Seattle, WA – Seattle police tried on Friday morning to clear the homeless encampment in Cal Anderson Park that has been there since activists set up a five-block, cop-free “autonomous” zone on Capitol Hill in June.
The Capitol Hill Autonomous Zone (CHAZ), which later became the Capitol Hill Occupied Protest (CHOP), was dismantled by police on July 1, but the homeless encampment stayed and continued to grow, the Seattle Times reported.
Police have done a series of sweeps since then to clear the park of homeless campers and protesters but they have continued to return over and over again.
Seattle police officers, many of them with bikes, descended on the park before sunrise on Dec. 18, the Seattle Times reported.
Police let the man in the hoodie behind the police line and he walked off
— Scott Greenstone (@evergreenstone) December 18, 2020
City park employees were on hand to help tear down the makeshift villages the protesters had constructed in the green space.
Construction crews moved the barricades that protesters had put up and hauled tents from the park one section at a time, the Seattle Times reported.
Police made 10 arrests when activists tried to block their cleanup efforts.
Seattle police said on their website that the people were arrested for “various charges including felony harassment, trespass, and failure to disperse,” the Seattle Times reported.
@SeattlePD’s Chief Diaz, assesses the situation at #CalAnderson park this morning in Seattle, WA., USA.
Seattle PD assisted in a request by Seattle Parks to help disperse a homeless encampment in the Capitol Hill neighborhood.
A couple of arrests occurred.#CalAndersonSweep pic.twitter.com/VAm3kWGT5Z
— Jose M. (@VoteJoseM) December 18, 2020
More arrests. Lots of pepper spray and pepper ball guns in the hands of police. pic.twitter.com/LnRiyIk6MB
— Seattle Protest Network (@SEAProtestNet) December 18, 2020
Protesters gave up on trying to stop the public eviction and instead resorted to helping the homeless people collect their belongings before their temporary living quarters were torn down.
They chanted “Housing First,” a reference to the movement that believes homeless people should be given free housing ahead of substance abuse or mental health treatment, the Seattle Times reported.
The city had made plans to clear the homeless encampment from Cal Anderson Park two days earlier, on Wednesday, but were stalled after Seattle resident Ada Yeager filed an emergency restraining order against them.
Protesters gathered at the park to support the initiative, but U.S. District Judge Richard Jones denied Yeager’s request on Thursday, the Seattle Times reported.
A city spokesperson said that hours later, a Jeep Liberty parked at Cal Anderson was set ablaze by an “incendiary device.”
People who had been living in the park since early summer said the police were more aggressive in dismantling their encampment than they have been during prior raids, the Seattle Times reported.

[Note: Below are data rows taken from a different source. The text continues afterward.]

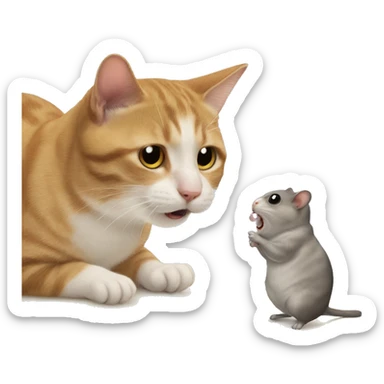 a frenh cat tapping hamster sticker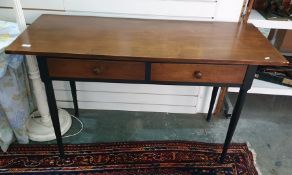 Modern two-drawer side table on turned tapering supports, 129cm x 76.5cm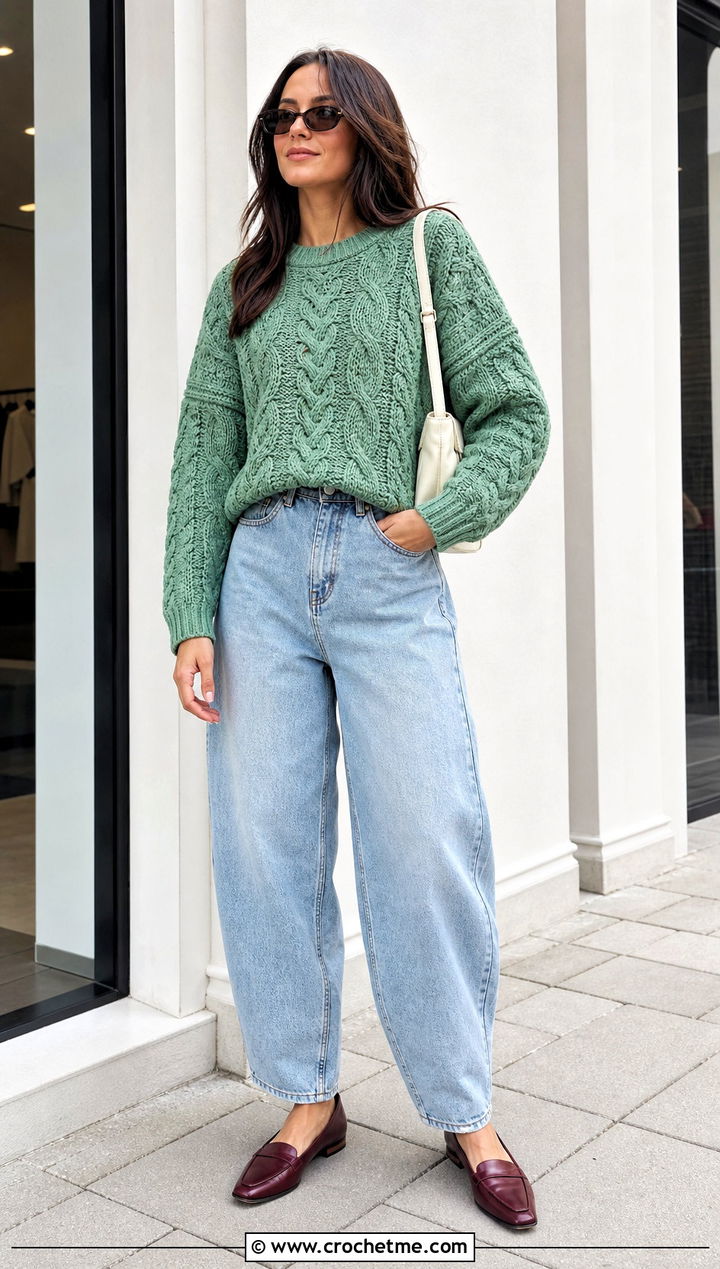 Drop Shoulder Crochet Cable Sweater With Barrel Jeans - 30 crochet cable knit sweater outfit ideas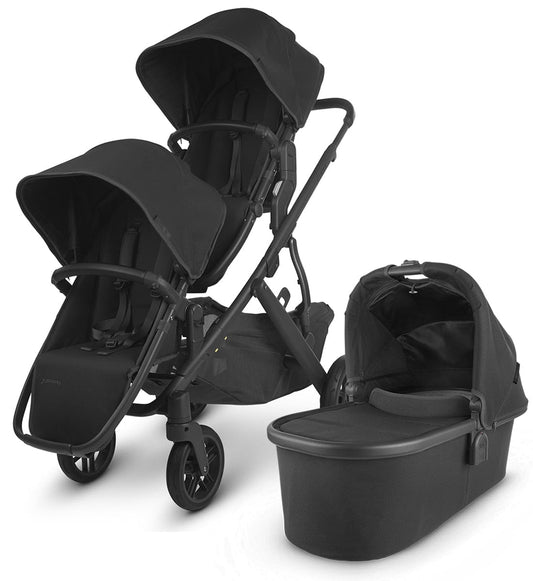 UPPAbaby VISTA V2 Double Stroller Bundle - Jake (Black/Carbon/Black Leather)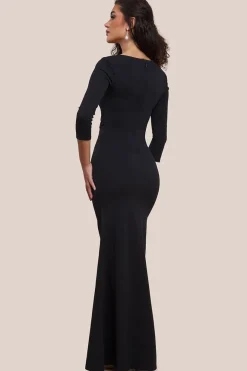 Asymmetric Neck Diamante Embellished Maxi Dress - Black by Goddiva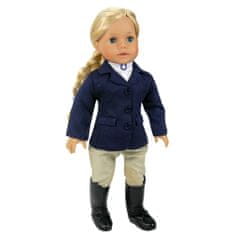 Teamson Sophia's - 18-palčna lutka - Jahalna obleka z mornarsko jakno, črni visoki klasični jahalni škornji in črna žametna jahalna čelada
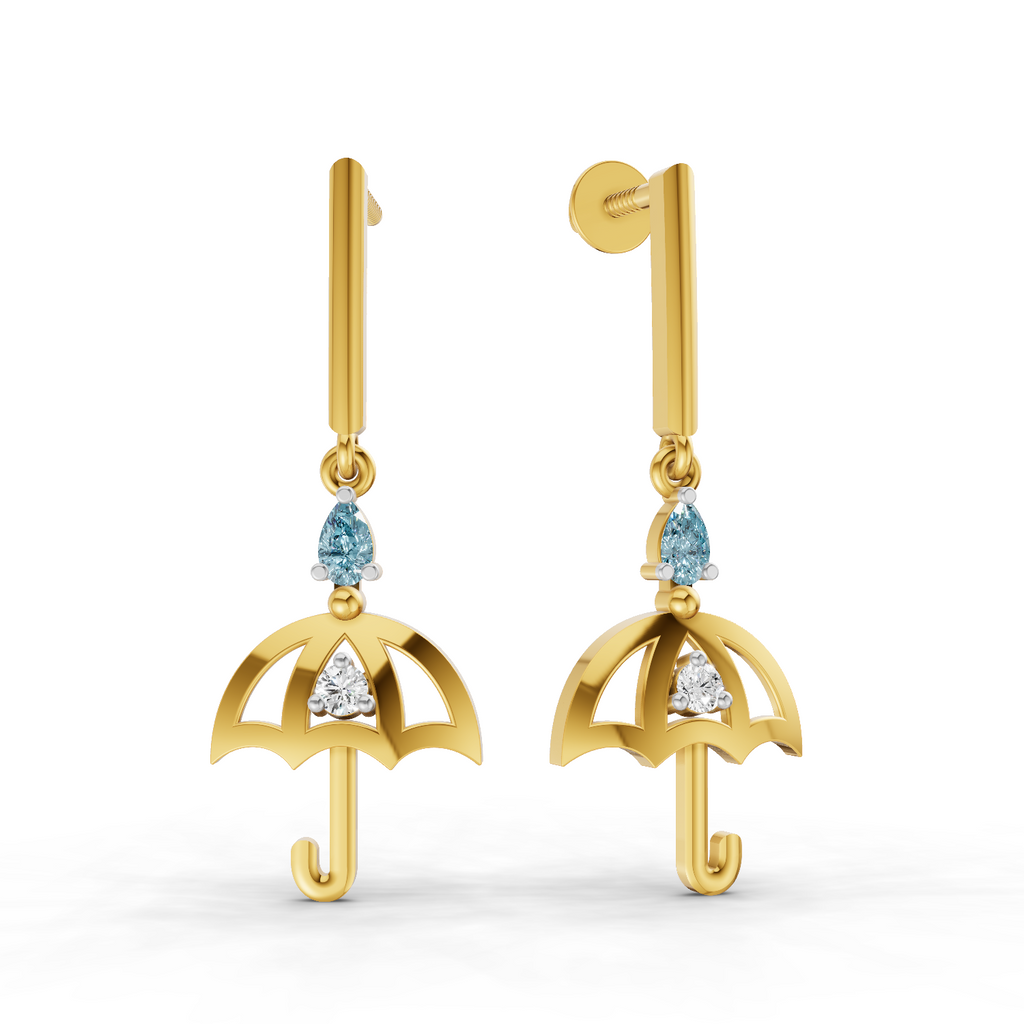 Lab Grown Diamond Earrings 0.05 Carat Round Shape 925 Sterling Silver Yellow Gold Plated Umbrella Earrings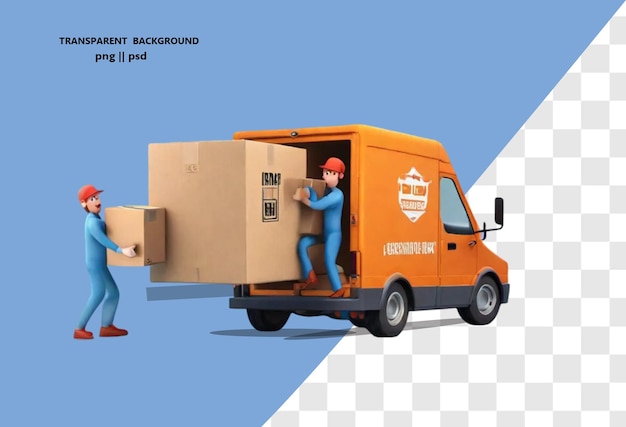 PSD 3d illustration of delivery man character handling box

A homeless woman named Sunday said she never heard the announcements by police and woke up when officers were “chain sawing” the perimeter fence open to evict everybody.
But Seattle Parks said employees posted notices all over the Cal Anderson on Monday that warned the people camping in the park to remove their personal property by 7:30 a.m. on Wednesday, the Seattle Times reported.
“This one was a lot more militant than the last ones,” Sunday complained. “I wish people would stop politicizing the homeless. Just let us live outside… People keep asking, what are our demands? Our demands are: give us housing or leave us alone.”
She said she would probably return to Cal Anderson Park when the police are gone, the Seattle Times reported.
But the city has said it intends to keep the park clear of homeless encampments after this latest sweep and will direct those people in need of housing to more appropriate resources.
“Mayor Durkan believes our City can have mutually shared values,” Seattle Parks Spokesperson Rachel Schulkin said in an email to the Seattle Times. “Individuals experiencing homelessness should be in safer spaces like shelters and hotels especially during the winter, and our parks should not be places with illegal and unsafe conduct like fires, makeshift barricades blocking access to residents and first responders, or individuals who are threatening city workers conducting routine maintenance and breaking into city facilities.”